According to an independent study, the construction of the Keystone XL Pipeline is expected to build Oklahoma’s economy by adding $1.2 billion in new spending, increase personal income by $874 million, provide additional state and local tax revenues of more than $25 million, and add more than $1 billion in increased Gross State Product. The study further concluded that once the pipeline is operational, Oklahoma could see more than $667 million in property taxes to county and other local governments during the operating life of the pipeline.
What’s good for the residents of Oklahoma can be good for all Americans. According to independent studies, the Keystone XL pipeline will add more than 250,000 permanent jobs for U.S. workers and add more than $100 billion in annual total expenditures to the U.S. economy. During the construction phase of the expansion, Keystone will generate more than $585 million in state and local taxes for the states along the pipeline route and stimulate more than $20 billion in new spending for the U.S. economy.

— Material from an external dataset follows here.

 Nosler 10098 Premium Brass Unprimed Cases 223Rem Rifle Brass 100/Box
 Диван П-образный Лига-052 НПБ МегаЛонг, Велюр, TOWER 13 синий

With millions of barrels of crude oil flowing into Oklahoma’s Cushing Hub each day, Oklahoma plays a vital role in the distribution of crude oil supplies throughout the U.S. The Cushing Hub serves as the price point for West Texas Intermediate (WTI) crude, which is used to set equivalent prices for crude oil produced in Oklahoma and other nearby states and which has historically been considered the global benchmark for crude oil. Due to a significant increase in inbound crude oil supplies from oil sand production in Canada and the northern U.S., crude oil supplies at the Cushing Hub have outpaced outgoing pipeline capacity, glutting local oil markets and distorting crude oil prices throughout the U.S. Keystone XL presents an opportunity to restore marketplace transparency in a way that could eliminate arbitrage opportunities and positively affect the price consumers ultimately pay for refined products.
The proposed Keystone XL pipeline can provide a beneficial solution. Presently, construction is planned for two phases: a northern segment extending from Alberta, Canada to Steele City, Nebraska and a southern segment extending from Cushing, Oklahoma to Houston and Port Arthur, Texas. The proposed pipeline will be capable of providing the U.S. with an additional 500,000 barrels of crude oil each day. These additional volumes of North American crude oil are vital to America as it looks to secure its future.
Yet, if these additional supplies are delivered without first ensuring adequate outgoing pipeline capacity from Cushing, it will only exacerbate present bottlenecks and price distortions. It is therefore critically important that construction of the pipeline commence with the Southern segment. Only by first ensuring adequate outgoing pipeline capacity from Cushing will America be able to realize the full potential of Keystone XL.
The Keystone XL pipeline presents a tremendous opportunity to America. If approved, the proposed pipeline would become an integral component in ensuring America’s energy supply. We strongly encourage you to consider the economic impacts and national security interests that this proposal implicates..
Thank you for your consideration and attention to this important issue.
Sincerely,
/s/
Mary Fallin
Governor
State of Oklahoma
James M. Inhofe
US Senator
State of Oklahoma
Tom A. Coburn, M.D.
US Senator
State of Oklahoma
The question of the day is "Does Obama want job creation" and the answer from Oklahoma and Texas would be not if it is going to take place in our two states. That is the only reasonable answer we can come up when all the facts are presented.
We do encourage Obama to campaign in Texas and Oklahoma so we can win more seats!